> What this task involves:
Output every line from the beginning of the records through the line that contains "Grass, Bunny Tails – thegardenersworkshop", exactly as it appears.

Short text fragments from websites
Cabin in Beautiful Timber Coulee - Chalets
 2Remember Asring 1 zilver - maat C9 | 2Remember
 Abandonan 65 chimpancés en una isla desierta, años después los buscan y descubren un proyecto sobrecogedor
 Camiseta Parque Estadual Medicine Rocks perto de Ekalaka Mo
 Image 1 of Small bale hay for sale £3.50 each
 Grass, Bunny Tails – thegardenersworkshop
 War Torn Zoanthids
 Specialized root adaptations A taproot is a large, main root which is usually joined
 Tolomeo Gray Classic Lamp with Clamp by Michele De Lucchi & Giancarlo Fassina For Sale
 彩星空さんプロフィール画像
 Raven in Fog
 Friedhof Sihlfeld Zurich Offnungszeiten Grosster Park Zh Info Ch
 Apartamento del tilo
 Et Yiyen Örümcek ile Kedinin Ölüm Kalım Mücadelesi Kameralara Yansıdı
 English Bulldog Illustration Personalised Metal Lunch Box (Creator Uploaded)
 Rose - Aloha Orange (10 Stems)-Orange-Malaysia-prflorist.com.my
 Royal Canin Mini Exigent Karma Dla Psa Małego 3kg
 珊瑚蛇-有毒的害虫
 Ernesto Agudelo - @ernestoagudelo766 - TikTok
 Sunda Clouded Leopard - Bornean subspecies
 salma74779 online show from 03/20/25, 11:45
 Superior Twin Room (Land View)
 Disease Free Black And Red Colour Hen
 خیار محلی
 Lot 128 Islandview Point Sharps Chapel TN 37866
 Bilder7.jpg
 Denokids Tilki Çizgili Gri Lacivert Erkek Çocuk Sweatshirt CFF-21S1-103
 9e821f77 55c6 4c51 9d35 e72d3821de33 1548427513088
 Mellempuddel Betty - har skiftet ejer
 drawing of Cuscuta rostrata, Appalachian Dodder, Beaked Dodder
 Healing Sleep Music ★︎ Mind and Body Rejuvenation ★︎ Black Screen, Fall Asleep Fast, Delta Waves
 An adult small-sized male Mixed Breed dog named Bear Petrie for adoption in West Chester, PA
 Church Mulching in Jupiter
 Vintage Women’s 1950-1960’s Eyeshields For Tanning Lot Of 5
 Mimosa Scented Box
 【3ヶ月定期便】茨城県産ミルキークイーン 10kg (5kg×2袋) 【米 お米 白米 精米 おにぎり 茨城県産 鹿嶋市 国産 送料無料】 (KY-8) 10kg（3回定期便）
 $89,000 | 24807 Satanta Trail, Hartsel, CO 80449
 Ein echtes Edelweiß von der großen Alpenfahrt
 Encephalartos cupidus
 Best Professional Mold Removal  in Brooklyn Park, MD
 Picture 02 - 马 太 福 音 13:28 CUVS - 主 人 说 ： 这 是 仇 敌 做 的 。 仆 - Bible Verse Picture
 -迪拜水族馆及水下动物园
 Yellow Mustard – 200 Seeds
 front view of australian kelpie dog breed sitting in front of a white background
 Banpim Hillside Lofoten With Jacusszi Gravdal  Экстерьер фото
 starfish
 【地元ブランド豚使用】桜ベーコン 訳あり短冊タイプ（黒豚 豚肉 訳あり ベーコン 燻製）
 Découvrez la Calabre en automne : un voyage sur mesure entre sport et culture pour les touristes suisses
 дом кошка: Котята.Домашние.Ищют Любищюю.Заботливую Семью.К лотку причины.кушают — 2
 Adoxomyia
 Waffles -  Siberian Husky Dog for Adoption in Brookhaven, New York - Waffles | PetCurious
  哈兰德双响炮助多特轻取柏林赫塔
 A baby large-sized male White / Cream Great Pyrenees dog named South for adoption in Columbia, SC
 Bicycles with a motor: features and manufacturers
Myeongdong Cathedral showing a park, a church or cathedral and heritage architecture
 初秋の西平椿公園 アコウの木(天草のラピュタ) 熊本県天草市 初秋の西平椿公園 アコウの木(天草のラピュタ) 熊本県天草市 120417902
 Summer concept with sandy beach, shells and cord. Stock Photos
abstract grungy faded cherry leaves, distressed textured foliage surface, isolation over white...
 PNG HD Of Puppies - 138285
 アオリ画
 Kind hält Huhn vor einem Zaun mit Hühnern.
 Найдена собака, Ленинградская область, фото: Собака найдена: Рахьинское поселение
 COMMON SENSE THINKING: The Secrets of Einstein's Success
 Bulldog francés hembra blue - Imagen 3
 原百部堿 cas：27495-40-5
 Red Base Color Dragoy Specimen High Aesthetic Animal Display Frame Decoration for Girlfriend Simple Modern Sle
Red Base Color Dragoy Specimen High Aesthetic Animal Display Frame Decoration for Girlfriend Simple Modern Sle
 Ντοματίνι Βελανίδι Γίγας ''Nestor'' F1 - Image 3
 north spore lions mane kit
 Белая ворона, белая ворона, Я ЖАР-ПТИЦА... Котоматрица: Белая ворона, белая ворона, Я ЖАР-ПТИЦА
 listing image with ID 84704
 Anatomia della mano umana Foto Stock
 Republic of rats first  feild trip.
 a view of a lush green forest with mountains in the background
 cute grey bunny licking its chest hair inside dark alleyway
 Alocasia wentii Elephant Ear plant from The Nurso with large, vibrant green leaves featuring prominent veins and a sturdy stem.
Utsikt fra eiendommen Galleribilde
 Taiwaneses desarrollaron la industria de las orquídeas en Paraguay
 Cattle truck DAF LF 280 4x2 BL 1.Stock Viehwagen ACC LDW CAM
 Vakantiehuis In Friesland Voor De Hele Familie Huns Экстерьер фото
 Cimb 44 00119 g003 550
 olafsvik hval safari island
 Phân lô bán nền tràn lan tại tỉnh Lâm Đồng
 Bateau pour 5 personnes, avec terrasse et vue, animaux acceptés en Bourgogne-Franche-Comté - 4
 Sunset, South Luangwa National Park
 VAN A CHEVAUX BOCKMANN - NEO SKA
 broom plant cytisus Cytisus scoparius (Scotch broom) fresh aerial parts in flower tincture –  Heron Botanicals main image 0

> Exercise solution:
Cabin in Beautiful Timber Coulee - Chalets
 2Remember Asring 1 zilver - maat C9 | 2Remember
 Abandonan 65 chimpancés en una isla desierta, años después los buscan y descubren un proyecto sobrecogedor
 Camiseta Parque Estadual Medicine Rocks perto de Ekalaka Mo
 Image 1 of Small bale hay for sale £3.50 each
 Grass, Bunny Tails – thegardenersworkshop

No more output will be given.